2 files changed, 86 insertions, 26 deletions
diff --git a/include/linux/nodemask.h b/include/linux/nodemask.h
index 829b94b156f2..b359c4a9ec9e 100644
--- a/include/linux/nodemask.h
+++ b/include/linux/nodemask.h
@@ -82,6 +82,12 @@
 *    to generate slightly worse code.  So use a simple one-line #define
 *    for node_isset(), instead of wrapping an inline inside a macro, the
 *    way we do the other calls.
+ *
+ * NODEMASK_SCRATCH
+ * When doing above logical AND, OR, XOR, Remap operations the callers tend to
+ * need temporary nodemask_t's on the stack. But if NODES_SHIFT is large,
+ * nodemask_t's consume too much stack space.  NODEMASK_SCRATCH is a helper
+ * for such situations.
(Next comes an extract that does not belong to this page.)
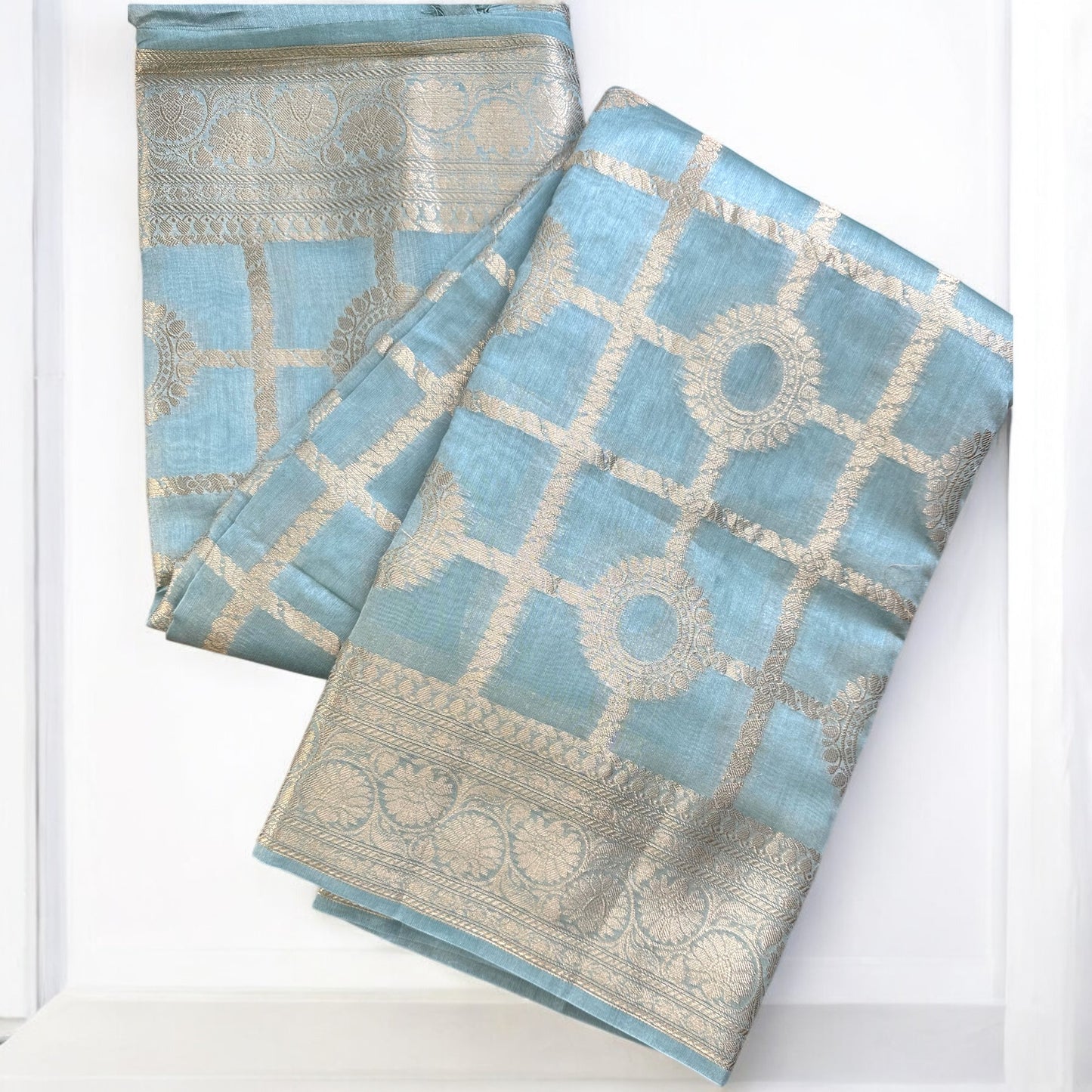 Powder blue Chanderi cotton silk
See below and CPUMASK_ALLOC also.
 */
 #include <linux/kernel.h>
@@ -473,4 +479,26 @@ static inline int num_node_state(enum node_states state)
 #define for_each_node(node)        for_each_node_state(node, N_POSSIBLE)
 #define for_each_online_node(node) for_each_node_state(node, N_ONLINE)
+/*
+ * For nodemask scrach area.(See CPUMASK_ALLOC() in cpumask.h)
+ */
+#if NODES_SHIFT > 8 /* nodemask_t > 64 bytes */
+#define NODEMASK_ALLOC(x, m) struct x *m = kmalloc(sizeof(*m), GFP_KERNEL)
+#define NODEMASK_FREE(m) kfree(m)
+#else
+#define NODEMASK_ALLOC(x, m) struct x _m, *m = &_m
+#define NODEMASK_FREE(m)
+#endif
+/* A example struture for using NODEMASK_ALLOC, used in mempolicy. */
+struct nodemask_scratch {
+        nodemask_t      mask1;
+        nodemask_t      mask2;
+};
+#define NODEMASK_SCRATCH(x) NODEMASK_ALLOC(nodemask_scratch, x)
+#define NODEMASK_SCRATCH_FREE(x)  NODEMASK_FREE(x)
 #endif /* __LINUX_NODEMASK_H */
diff --git a/mm/mempolicy.c b/mm/mempolicy.c
index e08e2c4da63a..7dd9d9f80694 100644
--- a/mm/mempolicy.c
+++ b/mm/mempolicy.c
@@ -191,25 +191,27 @@ static int mpol_new_bind(struct mempolicy *pol, const nodemask_t *nodes)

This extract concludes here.